# (re)formatting (block-erasing) flash?

## Progman3K

Hi,

I am trying to optimise the time it takes to write files to a flash drive.

For example,

When you purchase a USB key, the very first use of it is very fast: as you write data to the card, very little block-erasing goes on and the data ends up written quite quickly.

Once you have written to every (good) block on the device ONCE, things get substantially slower because the block must always be reset (to either all one-bits or all zero bits, depending on the implementation) BEFORE it wan be written to.

My question, oh great Gentoo-Devs is -

Is there a tool I could run to selectively block-erase the free space on such hardware?

Thanks

----------

## eccerr0r

Of course the trick is in the details.

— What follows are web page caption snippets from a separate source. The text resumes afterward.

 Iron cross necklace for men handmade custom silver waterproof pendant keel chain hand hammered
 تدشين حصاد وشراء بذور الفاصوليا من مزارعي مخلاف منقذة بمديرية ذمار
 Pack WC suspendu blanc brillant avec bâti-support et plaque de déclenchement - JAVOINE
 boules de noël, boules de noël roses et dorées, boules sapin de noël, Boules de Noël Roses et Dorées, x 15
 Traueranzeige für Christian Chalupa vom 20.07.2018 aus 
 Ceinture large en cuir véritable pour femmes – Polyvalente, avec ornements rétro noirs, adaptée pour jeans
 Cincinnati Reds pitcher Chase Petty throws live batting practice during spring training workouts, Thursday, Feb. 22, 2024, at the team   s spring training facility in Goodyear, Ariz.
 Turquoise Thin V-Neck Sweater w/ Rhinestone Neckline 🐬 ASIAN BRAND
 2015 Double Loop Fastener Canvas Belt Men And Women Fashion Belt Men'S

Other than TRIM support, there's not really an easy way to know whether the underlying block device wants all 1's or all 0's for erase.  You could try and create a file with all 1's and then all 0's filling the remainder of the empty space, deleting it, and then do test writes to see which is faster...  Make sure you "defragment" first -- there actually is advantage to defragmenting SSDs.

I've always wondered about free space handling.  Disks really don't know if a particular 'block' is garbage data or not - only the file system knows.  Only way for a non-TRIM disk to know is to assume all of it is real data and overwrite only what the OS wanted to overwrite...

----------